## [Directions]
Could the lines from the line bearing "Plaid bow. A" to the end of the records below be copied exactly, with the pictures left out and no other lines added?

## [Data shown]
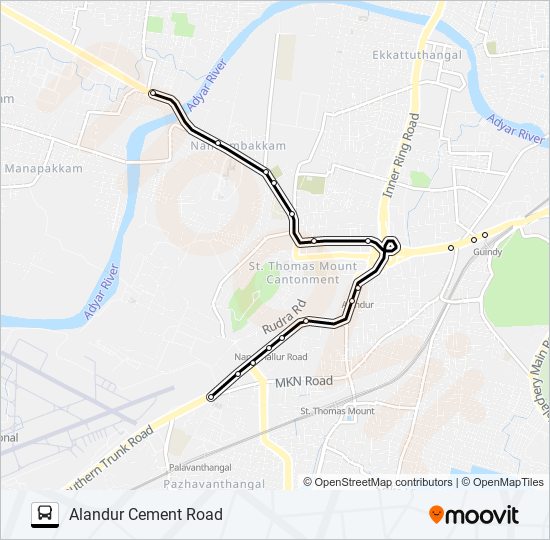 18E bus Line Map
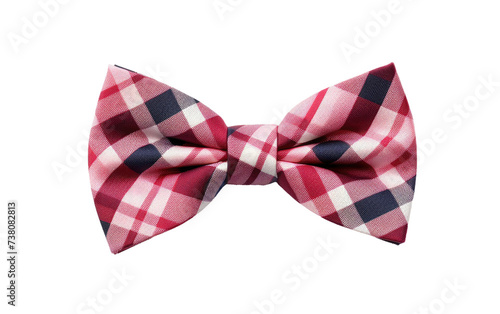 Plaid bow. A photo showcasing a red and black bow tie. Isolated on a Transparent Background PNG.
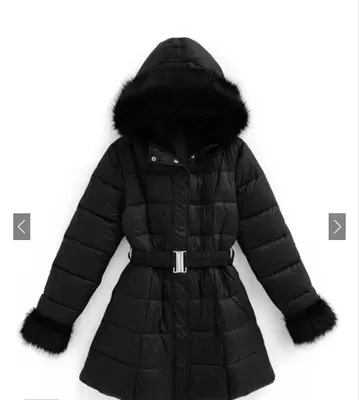 [컨디션 최상] 퍼 포함 A라인 다운 코트 / 충전솜 코트 블랙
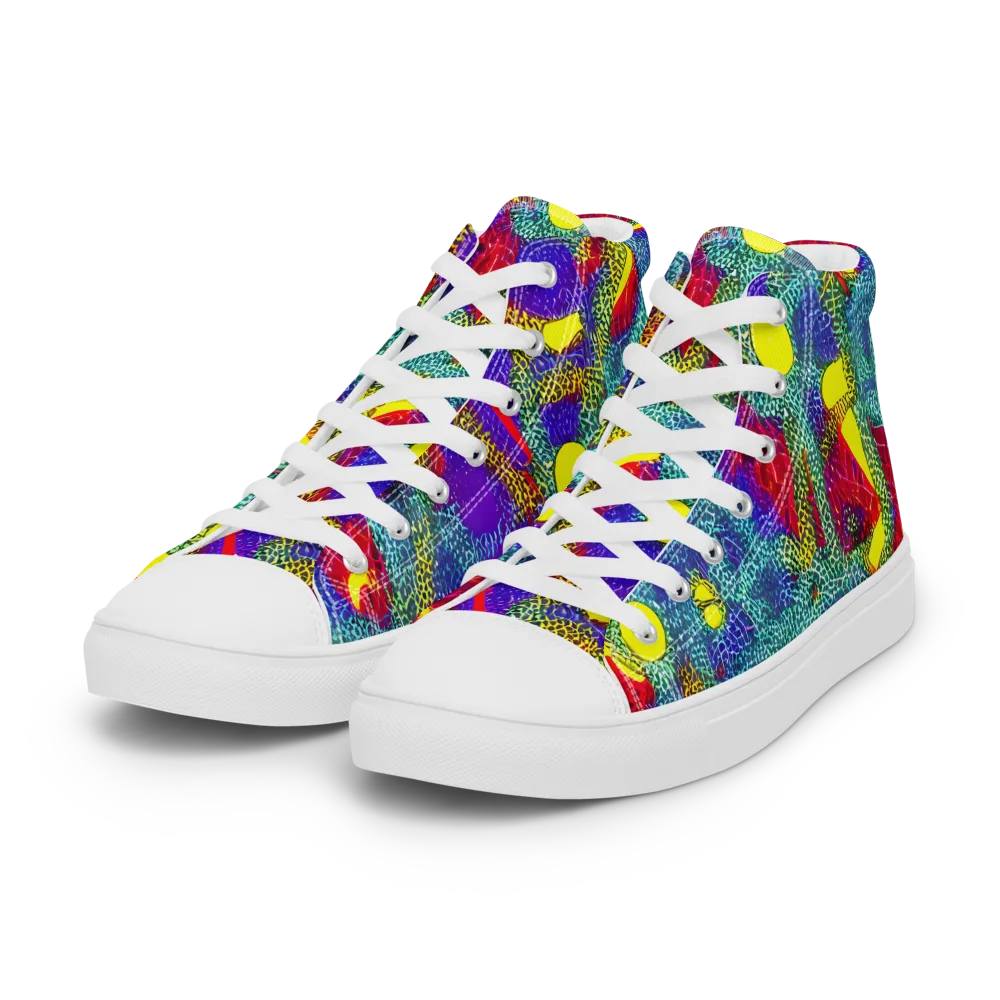 Chromatic Safari on Women's High Top Canvas Shoes — Left Front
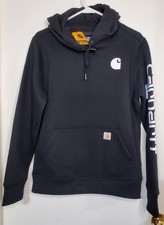 Carhartt Women's M Iconic Logo Sleeve Hoodie Black NWT 102791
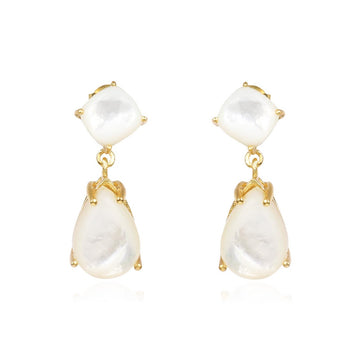 "Pure Elegance" White Onyx Stone Earrings - Lila Rasa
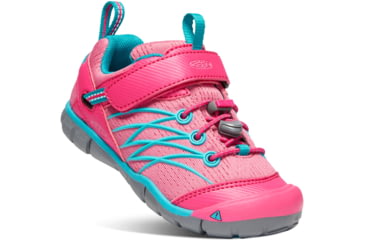 Image of KEEN Little Kids Chandler CNX Sandals, Bright Pink/Lake Green, 8, 1020655-600-8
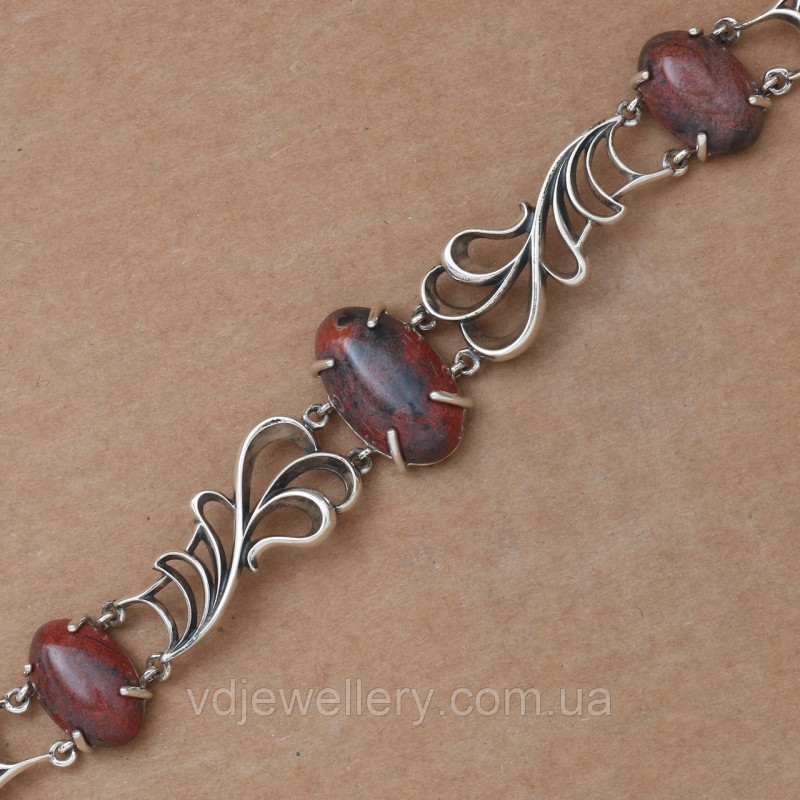 Серебряный браслет с яшмой БХН-72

## [The completed task]
 Plaid bow. A photo showcasing a red and black bow tie. Isolated on a Transparent Background PNG.
 [컨디션 최상] 퍼 포함 A라인 다운 코트 / 충전솜 코트 블랙
 Chromatic Safari on Women's High Top Canvas Shoes — Left Front
 Carhartt Women's M Iconic Logo Sleeve Hoodie Black NWT 102791
 "Pure Elegance" White Onyx Stone Earrings - Lila Rasa
 Image of KEEN Little Kids Chandler CNX Sandals, Bright Pink/Lake Green, 8, 1020655-600-8
 Серебряный браслет с яшмой БХН-72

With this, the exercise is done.